THE PROBLEM:
Can you print the data exactly and leave out each image?
======== EXERCISE DATA ========
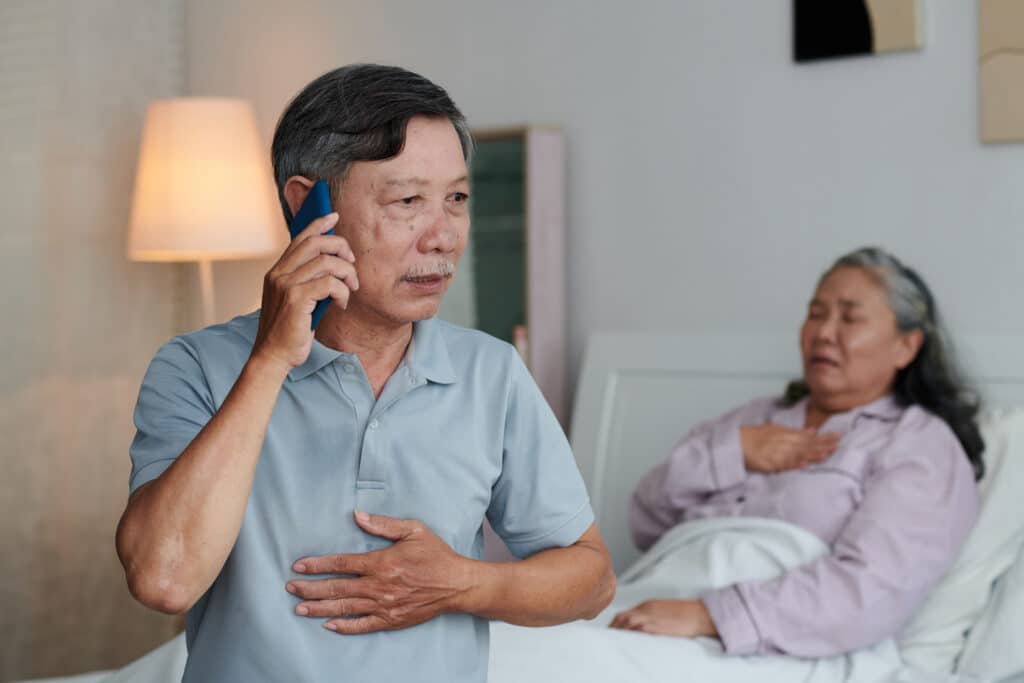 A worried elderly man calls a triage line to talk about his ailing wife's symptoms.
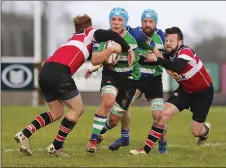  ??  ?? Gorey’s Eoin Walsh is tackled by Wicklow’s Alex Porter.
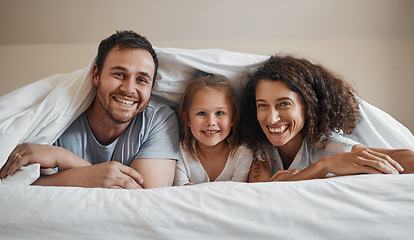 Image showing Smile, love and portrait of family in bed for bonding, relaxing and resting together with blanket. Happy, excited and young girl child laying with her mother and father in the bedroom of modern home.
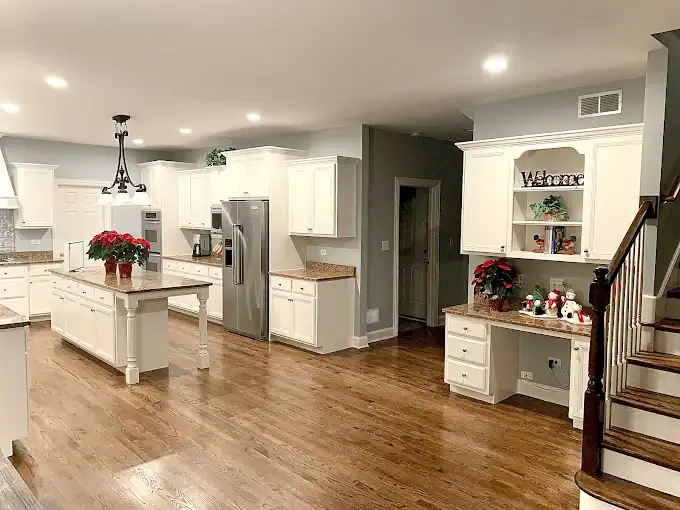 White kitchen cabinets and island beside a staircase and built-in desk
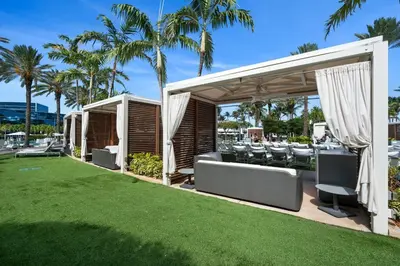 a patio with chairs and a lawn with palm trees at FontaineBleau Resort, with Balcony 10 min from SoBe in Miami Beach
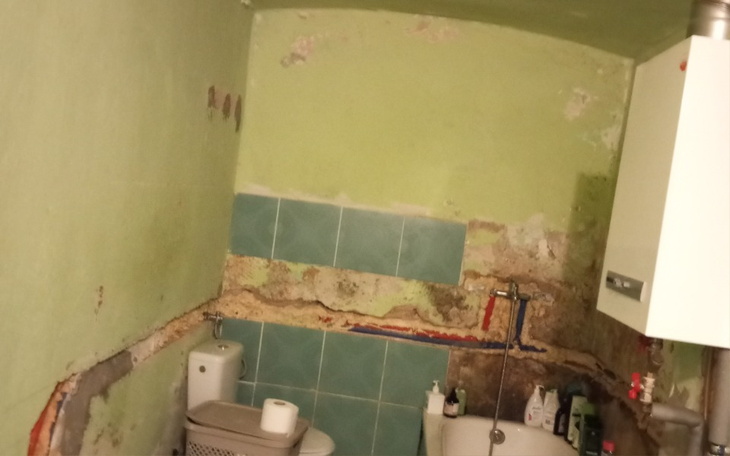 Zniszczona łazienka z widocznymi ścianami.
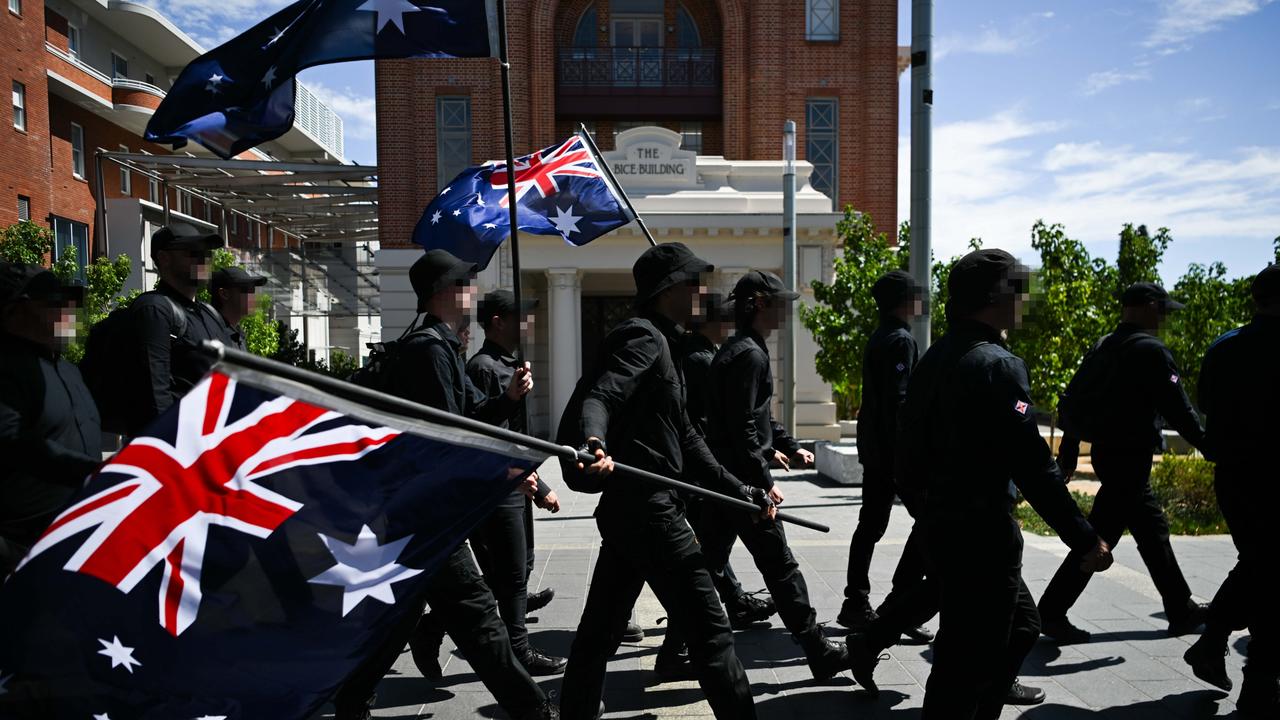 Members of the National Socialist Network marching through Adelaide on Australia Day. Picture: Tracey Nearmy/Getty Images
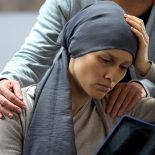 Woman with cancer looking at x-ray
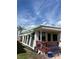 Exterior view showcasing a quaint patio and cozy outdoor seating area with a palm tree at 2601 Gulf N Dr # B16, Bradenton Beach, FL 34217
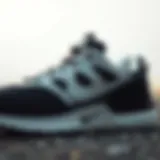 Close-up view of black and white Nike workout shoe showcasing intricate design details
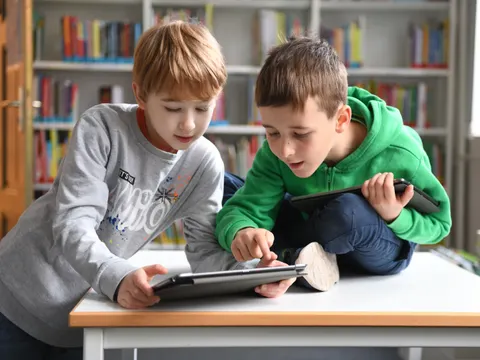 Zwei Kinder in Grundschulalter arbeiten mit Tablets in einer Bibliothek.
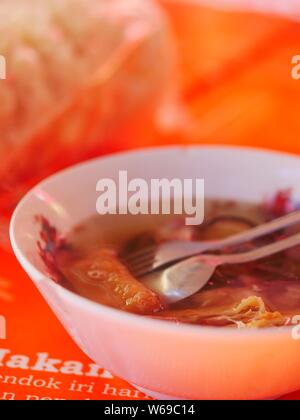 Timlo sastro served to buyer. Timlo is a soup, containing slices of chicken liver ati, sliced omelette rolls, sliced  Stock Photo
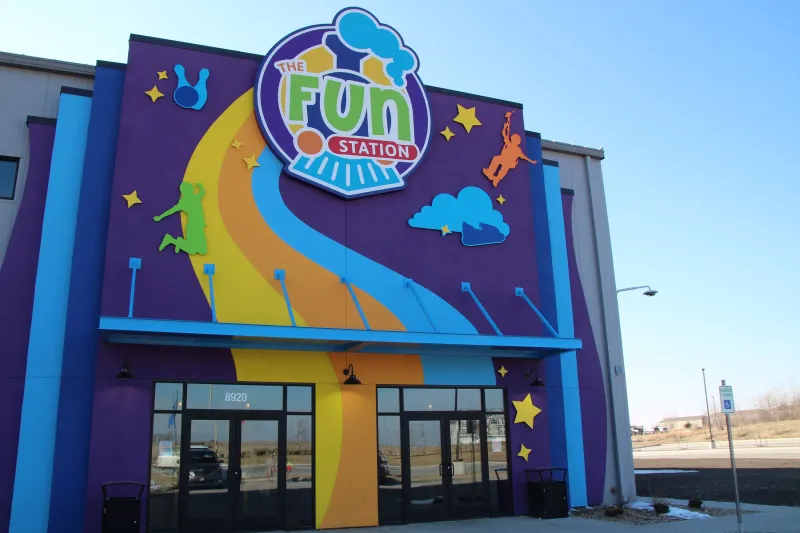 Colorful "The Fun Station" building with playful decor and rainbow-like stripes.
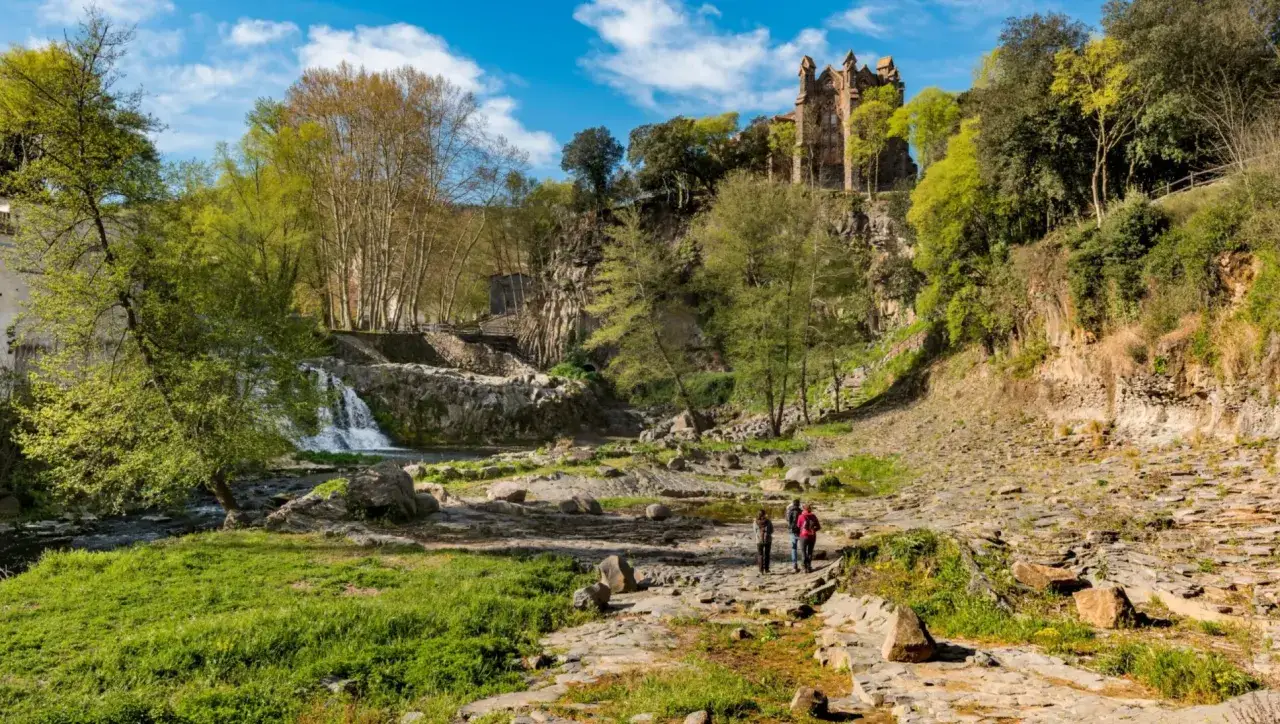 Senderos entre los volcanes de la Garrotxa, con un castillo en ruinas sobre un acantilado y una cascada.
========
REPLY TO THE EXERCISE:
 A worried elderly man calls a triage line to talk about his ailing wife's symptoms.
  ??  ?? Gorey’s Eoin Walsh is tackled by Wicklow’s Alex Porter.
 Image showing Smile, love and portrait of family in bed for bonding, relaxing and resting together with blanket. Happy, excited and young girl child laying with her mother and father in the bedroom of modern home.
 White kitchen cabinets and island beside a staircase and built-in desk
 a patio with chairs and a lawn with palm trees at FontaineBleau Resort, with Balcony 10 min from SoBe in Miami Beach
 Zniszczona łazienka z widocznymi ścianami.
 Members of the National Socialist Network marching through Adelaide on Australia Day. Picture: Tracey Nearmy/Getty Images
 Woman with cancer looking at x-ray
 Exterior view showcasing a quaint patio and cozy outdoor seating area with a palm tree at 2601 Gulf N Dr # B16, Bradenton Beach, FL 34217
 Close-up view of black and white Nike workout shoe showcasing intricate design details
 Zwei Kinder in Grundschulalter arbeiten mit Tablets in einer Bibliothek.
 Timlo sastro served to buyer. Timlo is a soup, containing slices of chicken liver ati, sliced omelette rolls, sliced  Stock Photo
 Colorful "The Fun Station" building with playful decor and rainbow-like stripes.
 Senderos entre los volcanes de la Garrotxa, con un castillo en ruinas sobre un acantilado y una cascada.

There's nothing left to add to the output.